Task instructions:
Would you restate every entry that follows, word for word, and leave out the pictures?

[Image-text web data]
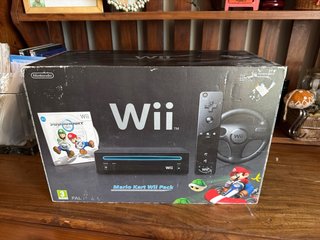 Nintendo Wii Negra Mario Kart Pack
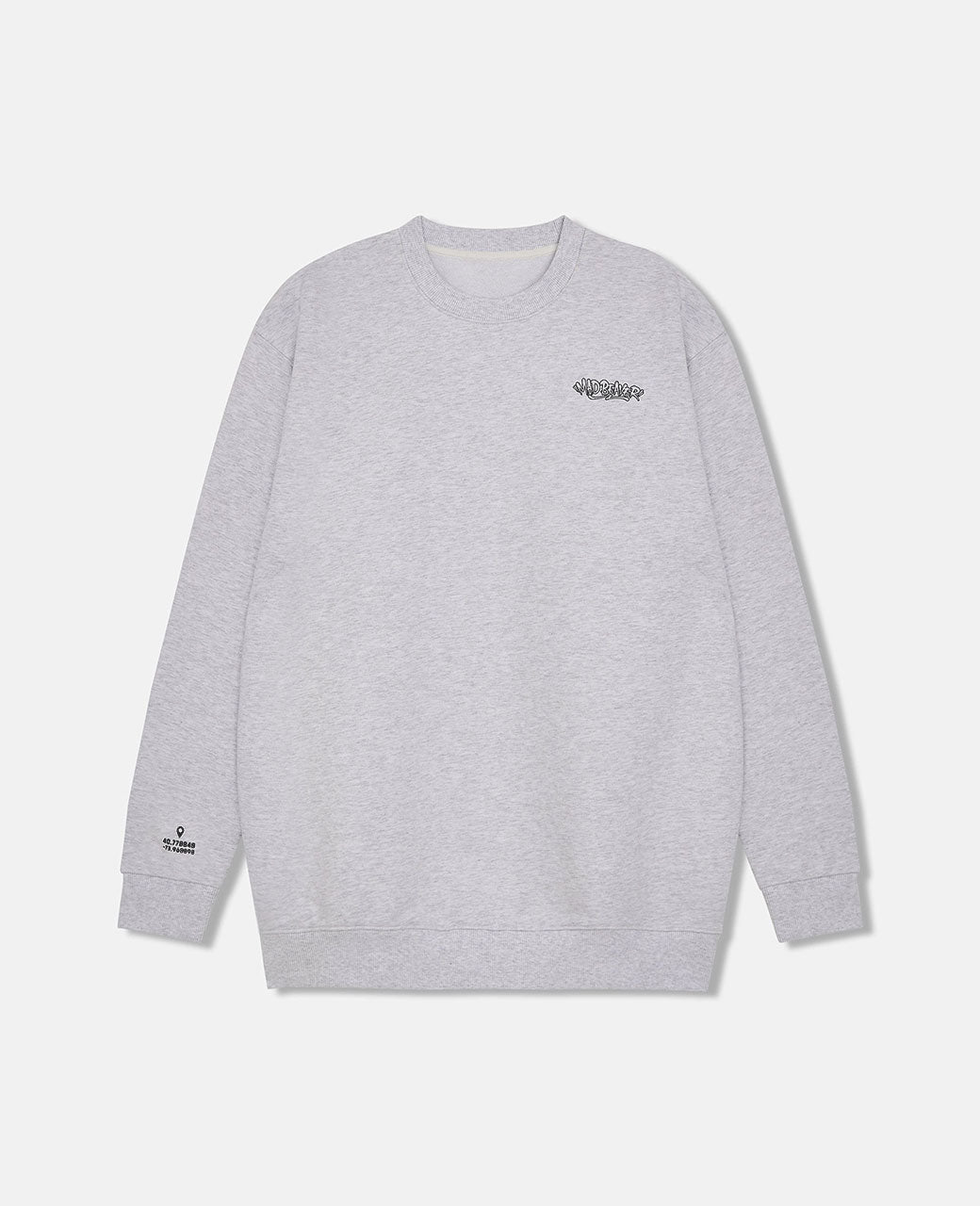 STREETWEAR Grey Crewneck Sweatshirt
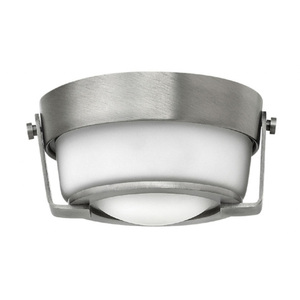 H3228AN Hathaway Flush Mount Ceiling Light - Antique Nickel / White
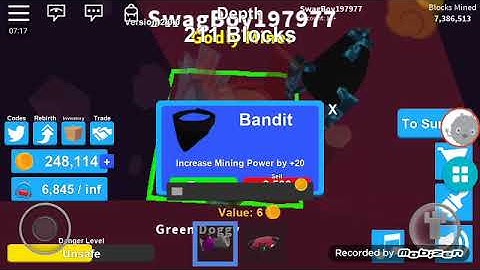 BUYING THE NUKE FOR 400 ROBUX😉 (Mining simulator roblox)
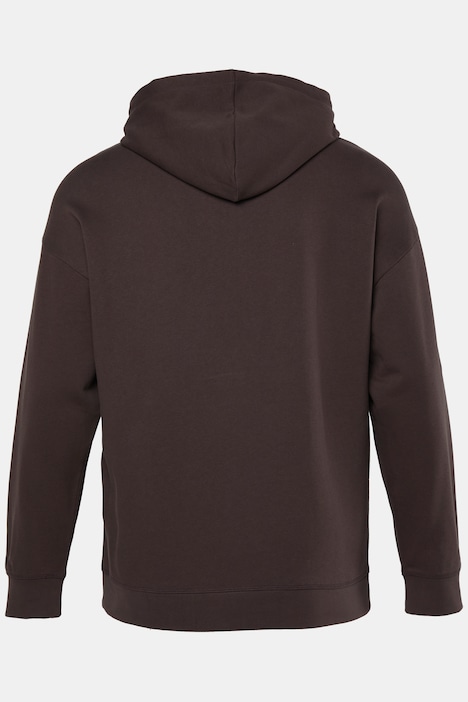 Hoodie, lässige Passform, Kapuzensweater, Brustprint, bis 8 XL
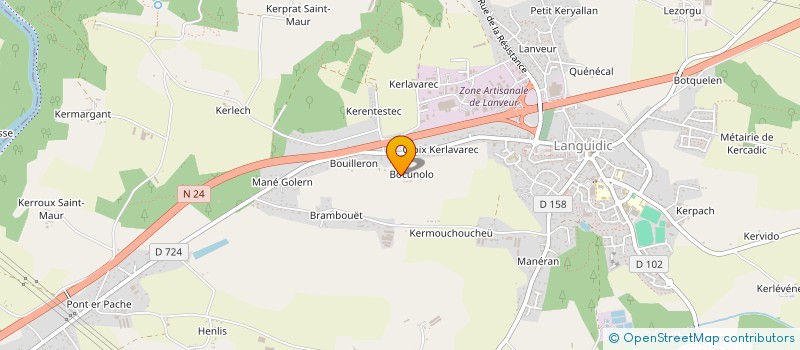 localisation de l'entreprise JMT LE CARRER  LANGUIDIC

Answer for the task:
 Nintendo Wii Negra Mario Kart Pack
 STREETWEAR Grey Crewneck Sweatshirt
 H3228AN Hathaway Flush Mount Ceiling Light - Antique Nickel / White
 BUYING THE NUKE FOR 400 ROBUX😉 (Mining simulator roblox)
 Hoodie, lässige Passform, Kapuzensweater, Brustprint, bis 8 XL
 localisation de l'entreprise JMT LE CARRER  LANGUIDIC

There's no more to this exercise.